Task goal >> Could you write out exactly, and only, the lines from the one containing "Golden Butterfly 3D" through the last line of the data, leaving out all pictures?

Given information >>
- Opening Delimiter -

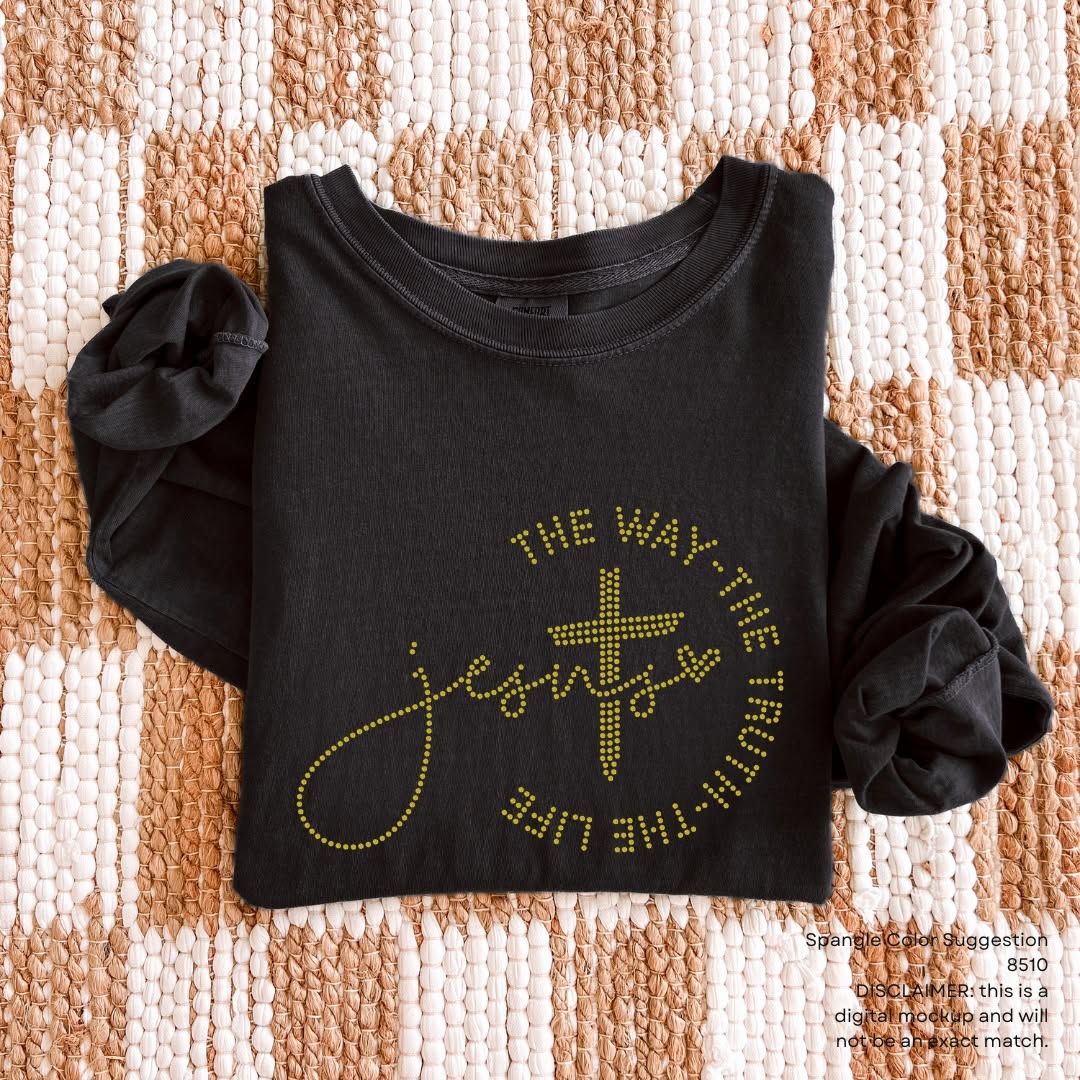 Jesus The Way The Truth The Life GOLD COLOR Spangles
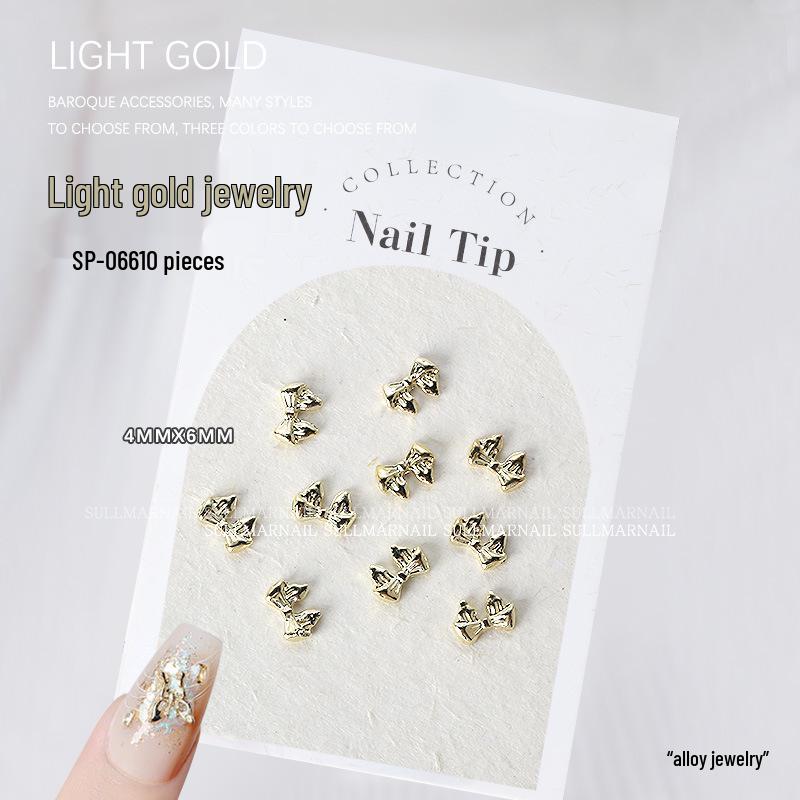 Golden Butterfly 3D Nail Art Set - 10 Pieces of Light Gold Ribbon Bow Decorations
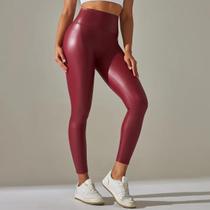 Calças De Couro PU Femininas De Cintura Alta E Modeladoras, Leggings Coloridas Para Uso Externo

- Closing Delimiter -

Written solution >>
 Golden Butterfly 3D Nail Art Set - 10 Pieces of Light Gold Ribbon Bow Decorations
 Calças De Couro PU Femininas De Cintura Alta E Modeladoras, Leggings Coloridas Para Uso Externo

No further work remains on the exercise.